General Motors Co on Wednesday said if the U.S. economy continues to recover from the coronavirus pandemic and the auto industry does not experience any further production shutdowns, the No. 1 U.S. automaker should be able to generate enough cash to pay off a $16 billion loan by the end of the year.
“Obviously, it is still a very fluid situation as you know and we’re watching the virus, the economy and its impact on the overall industry very closely,” Chief Financial Officer Dhivya Suryadevara told reporters.
Suryadevara spoke after GM posted a smaller-than-expected second-quarter loss thanks to solid high-margin pickup truck sales and aggressive cost-cutting that helped mitigate the impact of a forced shutdown that left its North American plants shut for eight of the 13 weeks in the quarter.
The better-than-expected results sent GM‘s shares up 0.8% in morning trading.
“We consider this a quite impressive accomplishment, and (it) speaks to the structural improvements in the business today versus prior years,” Credit Suisse analyst Dan Levy wrote in a client note.
GM did not provide an earnings forecast for the year but said it ended the second quarter with $30.6 billion in cash.
Suryadevara told reporters that if the U.S. economy continues to recover, GM should generate cash flow of between $7 billion and $9 billion during the second half of the year.
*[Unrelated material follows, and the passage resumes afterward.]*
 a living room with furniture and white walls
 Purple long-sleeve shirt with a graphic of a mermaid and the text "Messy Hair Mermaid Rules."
She said the automaker should repay its $16 billion revolving credit line by the end of 2020, an action that again depends on a continued economic recovery and annual industry-wide U.S. new vehicle sales of 14 million units this year.
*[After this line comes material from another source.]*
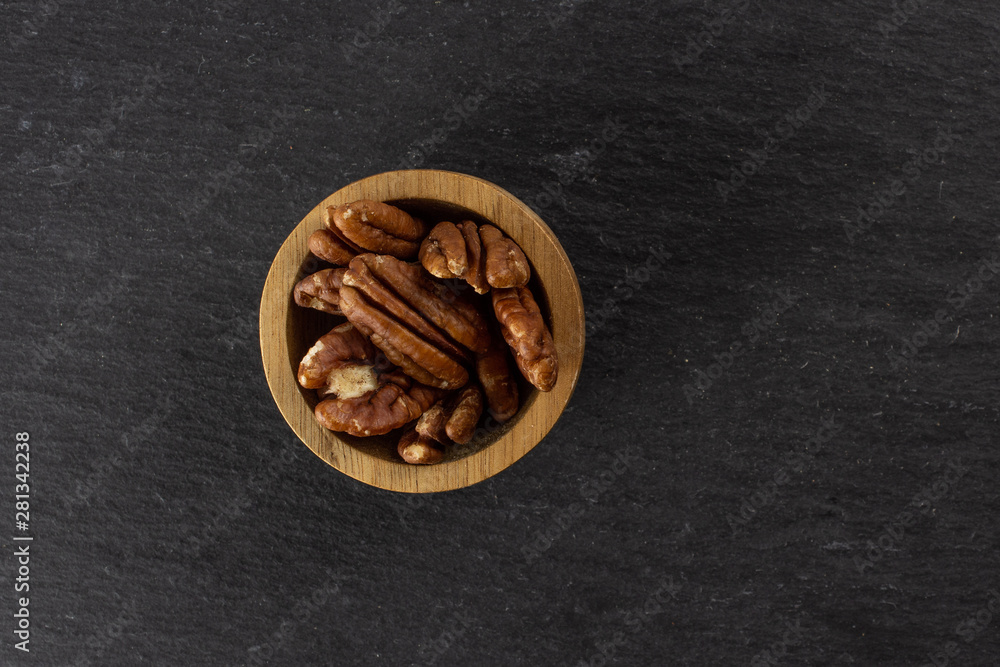 Lot of whole fresh brown pecan nut half copyspace on right in a wooden bowl flatlay on grey stone Lot of whole fresh brown pecan nut half copyspace on right in a wooden bowl flatlay on grey stone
But spiking COVID-19 cases across southern and southwestern U.S. states have left that recovery in doubt.
Weekly jobless claims numbers from the Labor Department released last week showed the number of Americans filing for unemployment benefits rose, unexpectedly, for the first time in nearly four months, suggesting the labor market was stalling amid the resurgence in new COVID-19 cases and depressed demand.
During the quarter GM said its retail sales showed signs of recovery, improving from a drop of 35% in April versus the same month in 2019 to a decline of 20% in May and June.
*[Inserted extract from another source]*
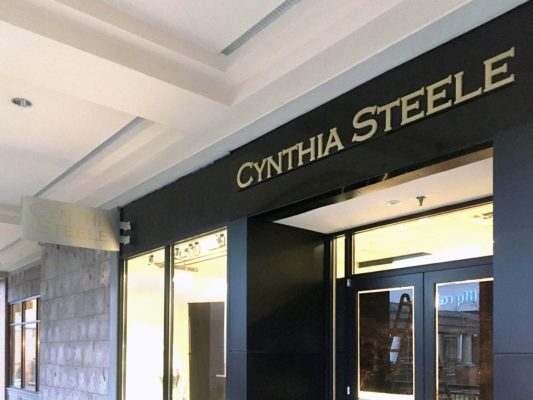 cynthia steele storefront signage with dimensional lettering and sign panel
GM said it was “working all avenues” to boost U.S. dealer inventories, and all of its U.S. full-size pickup truck and full-size SUV plants are back at three shifts.
Nearly all of its other plants are now working at pre-pandemic shift levels.
GM also said it would increase production of light-duty full-size pickups at its Fort Wayne assembly plant by about 1,000 units a month beginning Sept 1.
GM CFO Suryadevara told reporters that GM‘s new full-sized SUVs “have been received really well and they’re flying off the dealer lots.”
She said that during the second quarter the automaker had sold off its remaining shares in ride-hailing company Lyft Inc .
GM reported a net loss for the quarter of $758 million, or 56 cents per share, down from a profit of $2.4 billion, or $1.66 per share, a year earlier. On an adjusted basis, the loss was $806 million.
Excluding one-time items, GM reported a loss of 50 cents per share while analysts had expected a loss of $1.77 per share.